🤖 AI Summary
To address cross-granularity prediction errors in hierarchical image classification caused by visual inconsistency at test time, this paper proposes the first hierarchical classification paradigm grounded in *intra-image visual consistency*. Our method requires no external semantic supervision or pixel-level annotations; instead, it employs a self-supervised segmentation alignment mechanism to visually align fine-grained predictions with coarse-grained regions within the same image. By integrating multi-scale feature modeling with CLIP’s zero-shot transfer capability, the framework enforces both semantic and visual consistency. Evaluated on multiple hierarchical classification benchmarks, our approach significantly outperforms zero-shot CLIP and existing state-of-the-art methods, achieving higher classification accuracy and improved prediction coherence. Notably, it simultaneously enhances unsupervised image segmentation quality—thereby strengthening model interpretability and robustness—without additional supervision.
📝 Abstract
Hierarchical classification predicts labels across multiple levels of a taxonomy, e.g., from coarse-level 'Bird' to mid-level 'Hummingbird' to fine-level 'Green hermit', allowing flexible recognition under varying visual conditions. It is commonly framed as multiple single-level tasks, but each level may rely on different visual cues: Distinguishing 'Bird' from 'Plant' relies on global features like feathers or leaves, while separating 'Anna's hummingbird' from 'Green hermit' requires local details such as head coloration. Prior methods improve accuracy using external semantic supervision, but such statistical learning criteria fail to ensure consistent visual grounding at test time, resulting in incorrect hierarchical classification.
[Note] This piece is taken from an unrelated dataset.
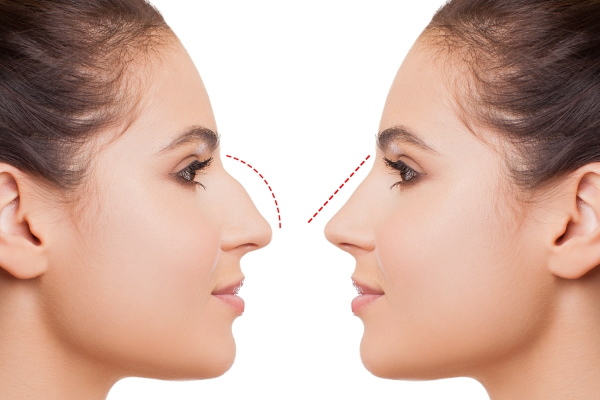 La fille a le nez retroussé. Comment réparer les photos avant et après la rhinoplastie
We propose, for the first time, to enforce internal visual consistency by aligning fine-to-coarse predictions through intra-image segmentation. Our method outperforms zero-shot CLIP and state-of-the-art baselines on hierarchical classification benchmarks, achieving both higher accuracy and more consistent predictions. It also improves internal image segmentation without requiring pixel-level annotations.